The Brexit vote and Turkey
Some opinionated opponents of Turkey’s president immediately attacked him when he upped the rhetorical war of words with Europe with a challenge that he would ask Turks whether they wanted to continue the accession talks. Naturally, the United Kingdom and Turkey are not the same as regards the EU. One is in and talking about whether to exit while the other has been in EU’s perennial waiting room for accession, a process that the British premier recently suggested might only reach fruition by the end of the millennium.
To claim that President Recep Tayyip Erdoğan mixed it all up and suggested Turks vote on whether to stay or leave the EU would be a grotesque fantasy for now. But an examination of the reasons for the support for Brexit underlines that if Turkey ever joins, there might be a similar discussion in Turkey eventually.
It is still too early to talk about the burden of EU regulations on Turkey, while that is a very serious concern in the U.K. In Turkey, indeed, there is very strong popular support for the country adopting EU norms, values and regulations and thus establishing a higher standard of living. Turkey’s civil society, for example, has been demanding the opening of accession chapters related to the judiciary and labor rights in the hopes that Turkey will usher in an era of higher liberties, achieve judicial independence and increase the standards of its peculiar democracy.
For Turkey, the EU Commission, the European Parliament or the “bureautocracy” of Brussels are not instruments strangling the Turkish economy. Having not adapted to EU standards on everything from the environment to production, civil liberties to judicial independence, Turkey is still far from complaining that the EU’s regulations have become increasingly “onerous.” Turks sometimes also talk about artificial bans – such as the size of cucumbers – that would come with EU membership, but such discussions have been nowhere near the British EU-skeptics’ complaints on the ludicrous, truly infuriating or just awful regulations that stipulate one cannot recycle a teabag, or that children under 8 cannot blow up balloons, among other things.

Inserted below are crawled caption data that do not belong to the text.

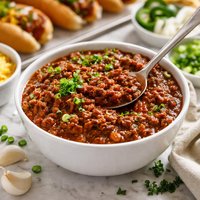 Chili Sauce for Hot Dogs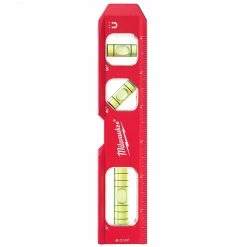 Tools & Equipment Milwaukee 48-22-5107 Durable Aluminum Standard Compact Billet Torpedo Level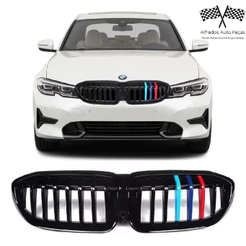 Grade Dianteira Bmw Serie 3 318i 320i G20 2019 2020 2021 2022 Customização 3 Cores M3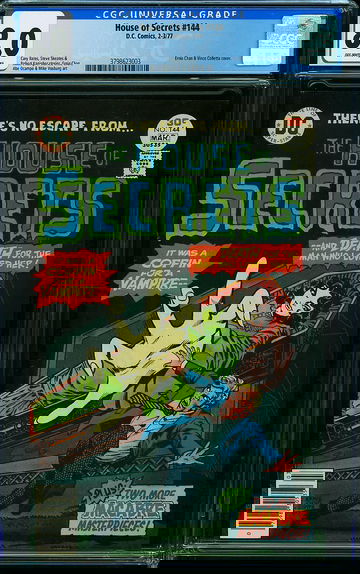 HOUSE OF SECRETS #144, CGC 8.0 VF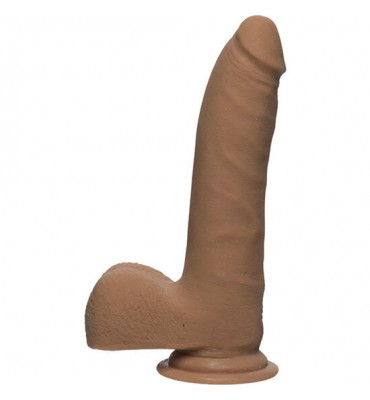 Doc johnson gode slim ultraskyn 18,42 cm caramel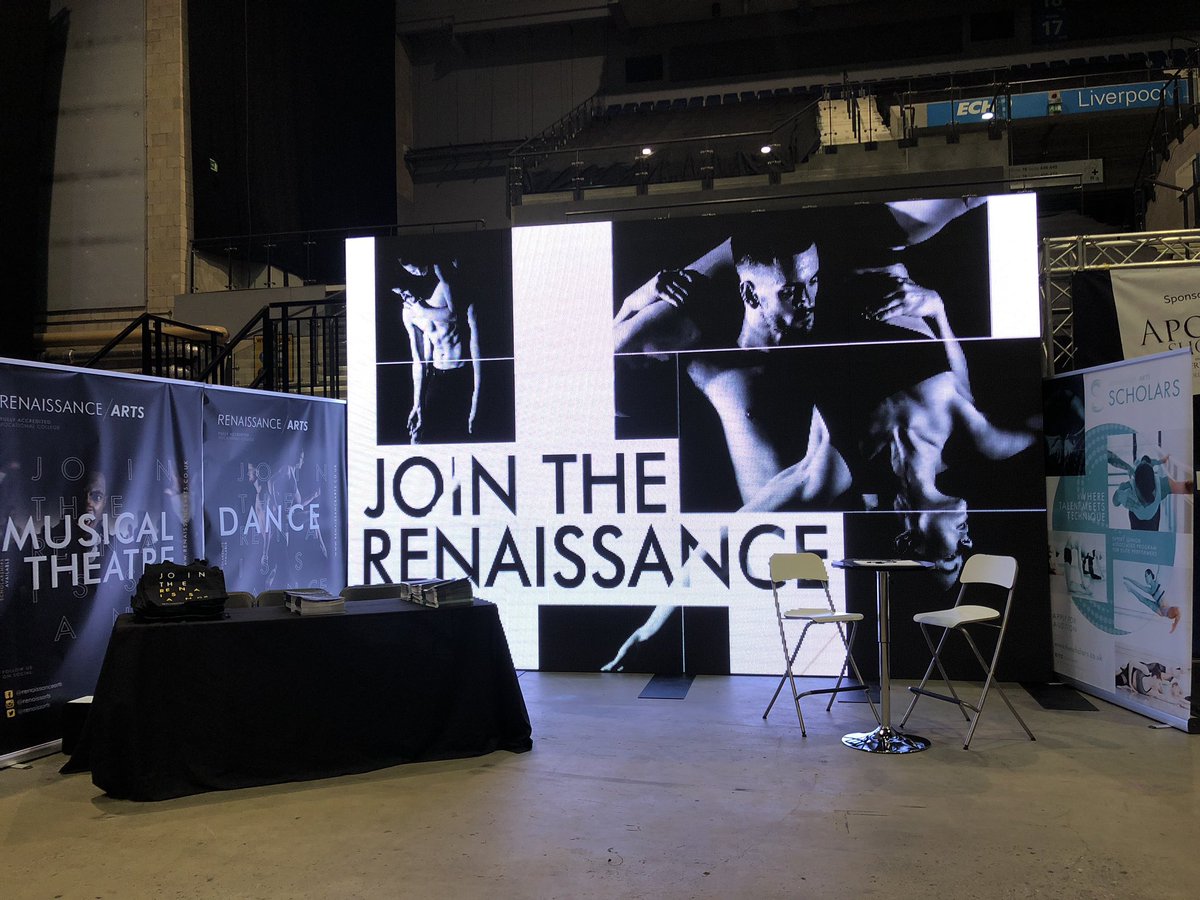 Renaissance Arts Conservatoire (@renaissarts) on Twitter photo Come and visit us at <a href="/CanYouDance_uk/">Can You Dance?</a> this weekend in the main arena next to Technique. Come and get your freebies, Masterclass competition. #joinntherenaissance #dance #cydsuperconvention #Liverpool Come and visit us at <a href="/CanYouDance_uk/">Can You Dance?</a> this weekend in the main arena next to Technique. Come and get your freebies, Masterclass competition. #joinntherenaissance #dance #cydsuperconvention #Liverpool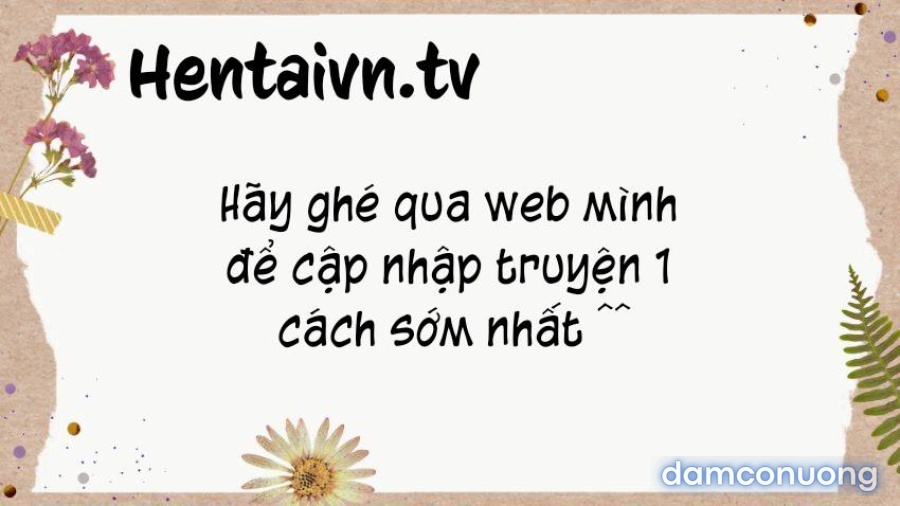 Còn không có khúc dạo đầu 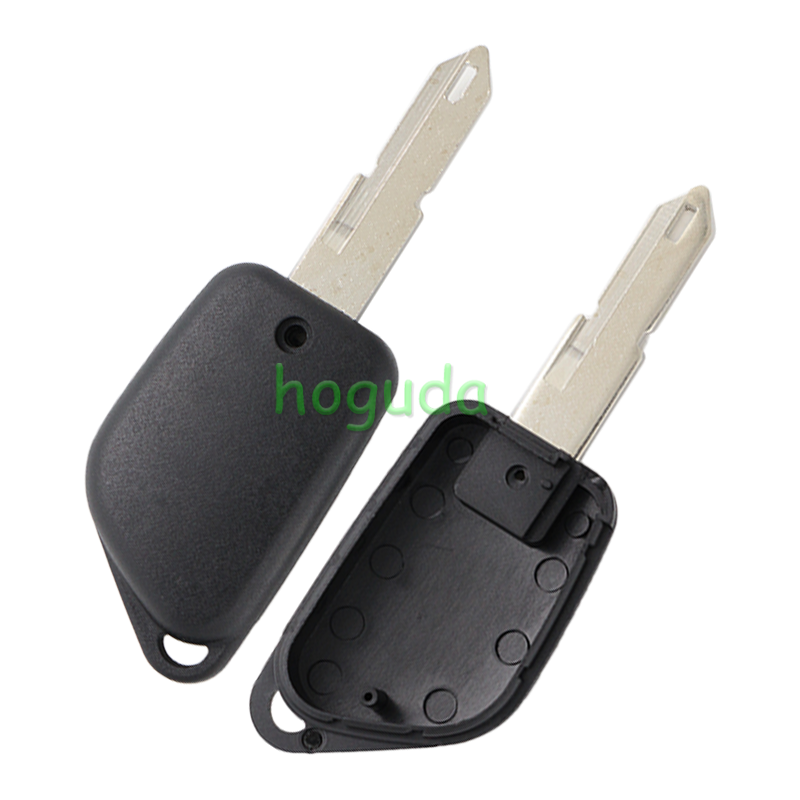 For Peugeot 2 button remote  key blank without Logo (Without Battery Place)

However, like the conservative Britons who strongly oppose the transfer of sovereignty elements to the EU Commission, European Parliament or the “bureautocracy” if Turkey ever joins, Turks will inevitably complain about compromises from the perspective of sacred national sovereignty. The EU has managed to grow stronger with each and every crisis it has encountered since its inception by setting new rules, initiating new treaties and compromising each time on national sovereign competencies and enforcing the “bureautocracy” of Brussels.
Be it competition policy, intellectual rights and liberties covered by the copyright and patent law, common foreign, economy and banking policies, the creation of relevant Brussels-based institutions or the pertinent discussions to forge a common defense policy, every step has been a compromise on national sovereignty.
Like Turks, the British – as demonstrated by their refusal to join the eurozone and give up their national currency – have been rather sensitive on this issue. Indeed, if not for anything else, Turks might understand well why Britons considered abandoning a club which while they were giving with one hand – in direct and indirect contributions – they were getting more with the second hand through many ways.
Still, if the EU Commission and the EU bureaucracy were created by the “political mechanisms” of the member states and thus are not accountable to voters of any of the member states, giving the commission and the bureaucracy powers above national legislatures is incompatible with the notion of national sovereignty.
The argument that the EU is a political animal imposing “left-wing” policies, or just the opposite, claim that with its antidemocratic structure, the EU “gives too much power to corporate elites” is a valid concern perhaps in the U.K. where there have been no democracy concerns, no “parallel” discussion or no challenge about establishing a super monarchy.
In Turkey, however, national policies, laws and even the constitution could be manipulated to fulfill the aspirations of an individual or the political movement he has been leading. Thus, the same EU mechanisms might be considered by Turks as a guarantee against a super president or a dictatorial takeover.
The concern about migrants, or the euro allergy of the Britons, also contradict sharply with the readiness of Turks to embrace the euro even before membership and the exemplary treatment it has been extending to well over 3 million Syrian refugees.
Obviously, the results of the British vote could not be foreseen ahead of time, but if Turks ever asked to vote on whether to continue the accession talks, I believe there will be a clear yes, as the EU has long become the strongest anchor and perhaps the last hope for democratic governance in this country.